[Records from a data collection]
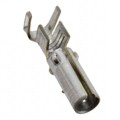 61233-1 - CONN SOCKET 10-12AWG CRIMP TIN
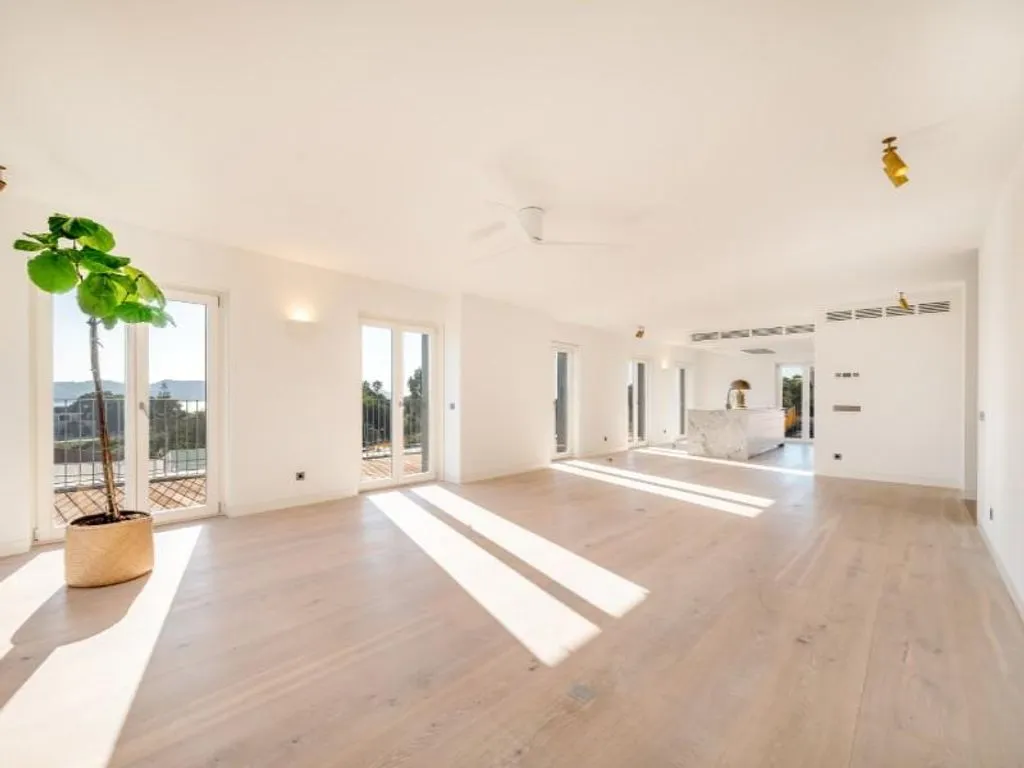 Дом 250м² в Португалии, Лиссабон. Стоимостью 3350000€ аренда фото-4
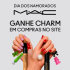 Ganhe Sérum Facial Hyper Real* nas compras acima de R$ 799,00 na MAC Cosméticos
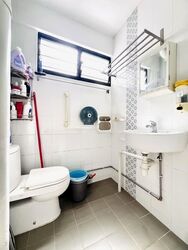 Blk 107 Eunos Vista (Bedok), HDB 4 Rooms #552707211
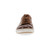 Men's Trevor - Tan Burnished Calf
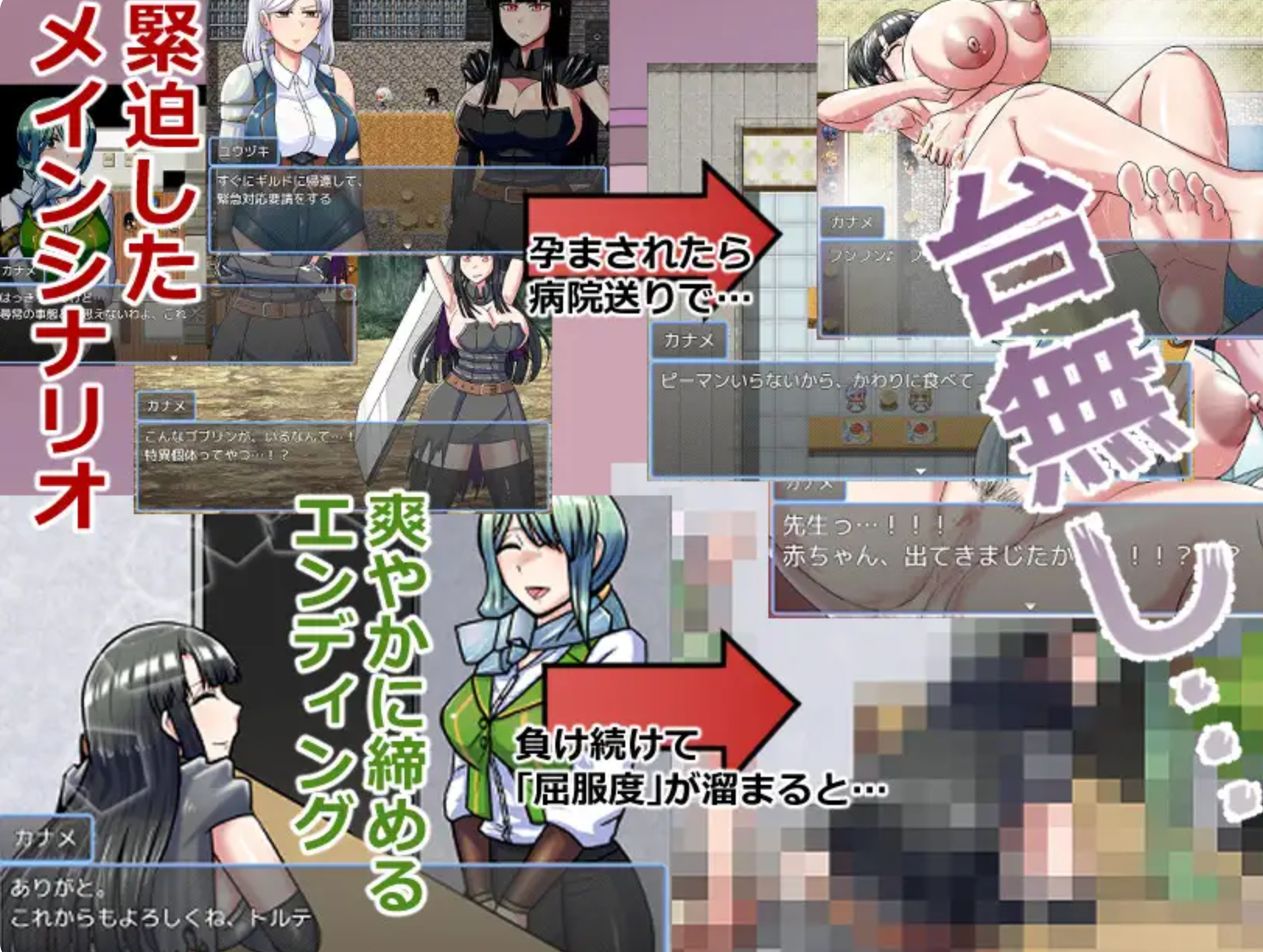 0310115333.png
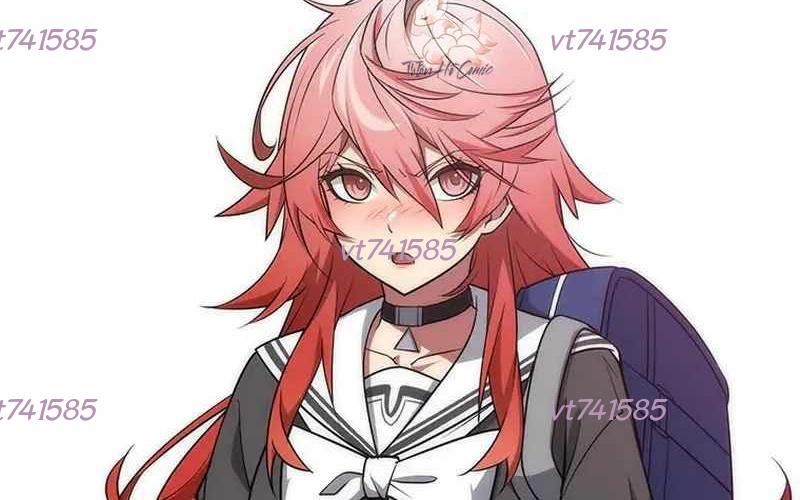 Quý Tộc Chiến Đấu Chapter 6 - 5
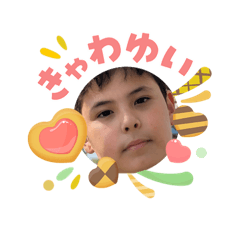 jona_20260510102821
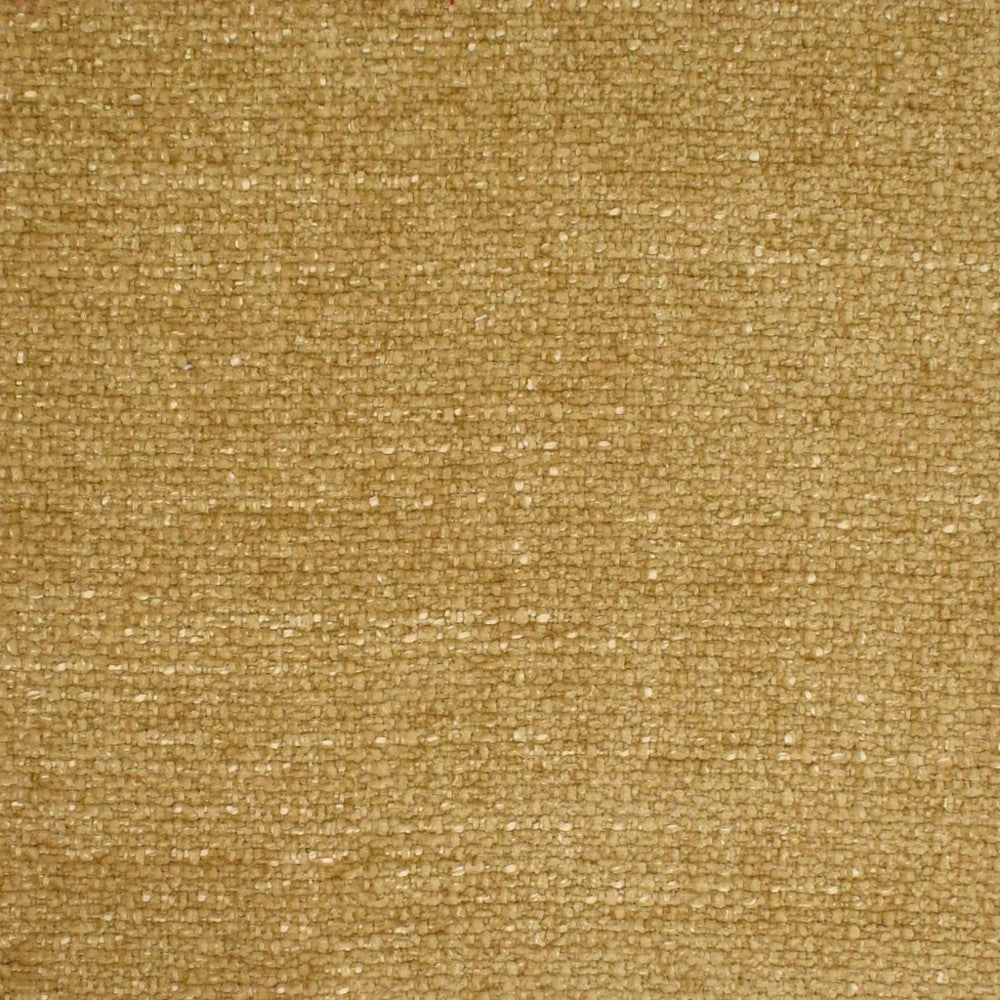 S5000 Gold Dust by Greenhouse Designer Fabric 100% Polyester China 50,000 </p><p>Repeat: None 55" - Swanky Fabrics -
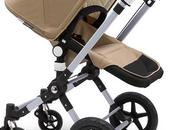 Bugaboo Cameleon3 color arena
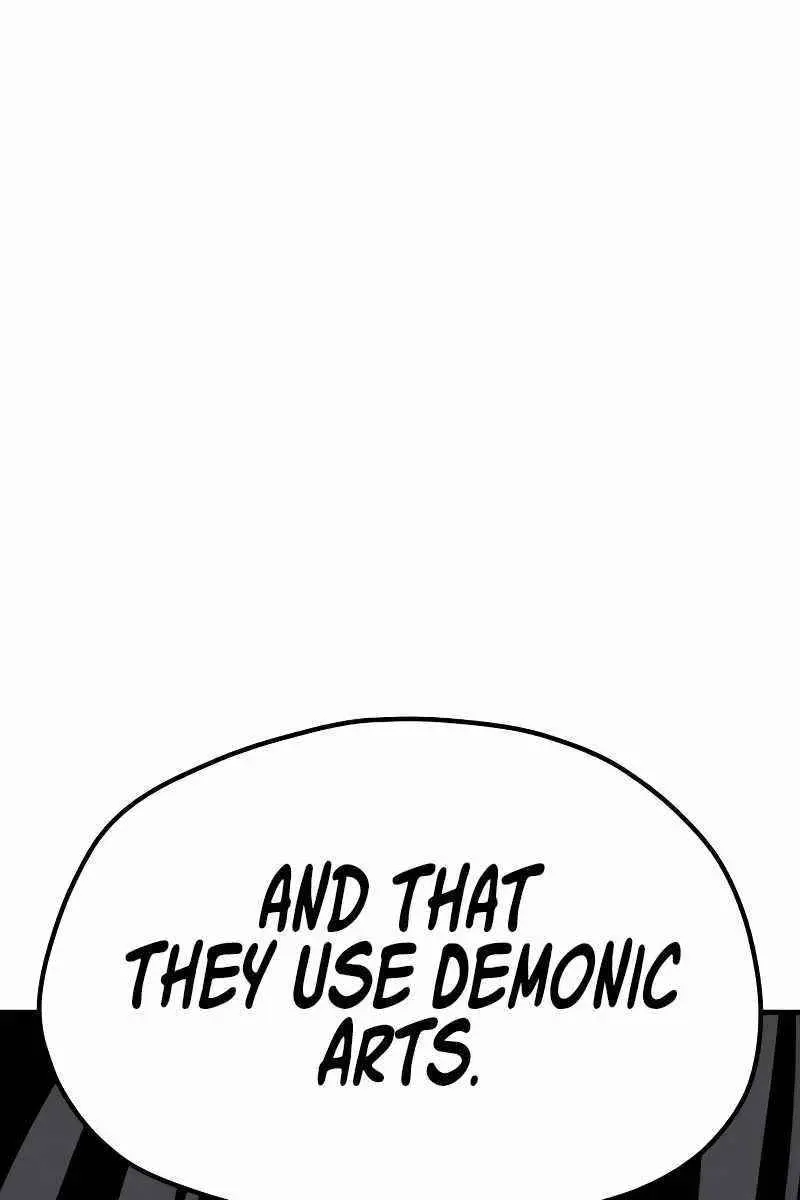 Heavenly Demon Cultivation Simulation Chapter 40 Page 52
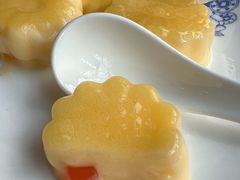 -福照楼汽锅鸡·云南菜(护国路店)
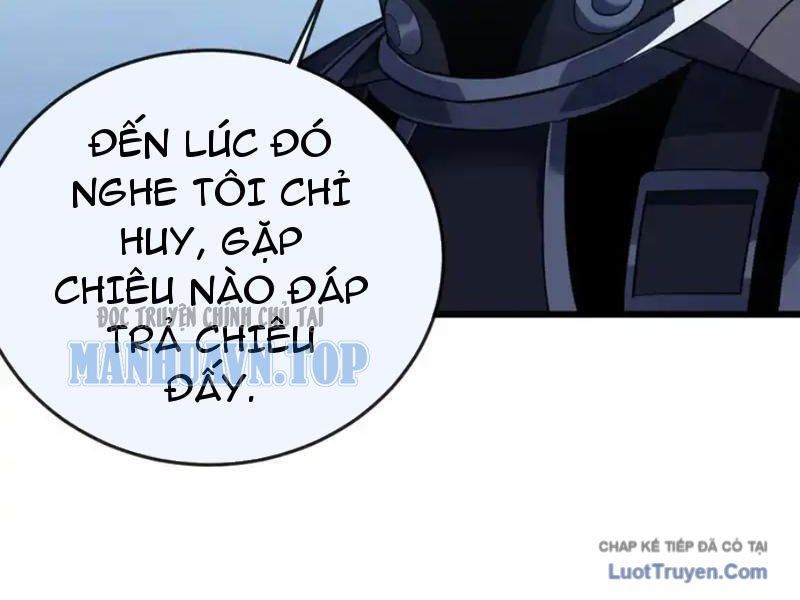 Mệnh Luân Chi Chủ! Làm Kẻ Biến Dị Giáng Xuống Nhân Gian Chap 190 - Next Chap 191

### Directions
Beginning at the line with "jona_20260510102821", reproduce word for word each line through the last line of the records. Include both ends but no pictures.

### Result below
 jona_20260510102821
 S5000 Gold Dust by Greenhouse Designer Fabric 100% Polyester China 50,000 </p><p>Repeat: None 55" - Swanky Fabrics -
 Bugaboo Cameleon3 color arena
 Heavenly Demon Cultivation Simulation Chapter 40 Page 52
 -福照楼汽锅鸡·云南菜(护国路店)
 Mệnh Luân Chi Chủ! Làm Kẻ Biến Dị Giáng Xuống Nhân Gian Chap 190 - Next Chap 191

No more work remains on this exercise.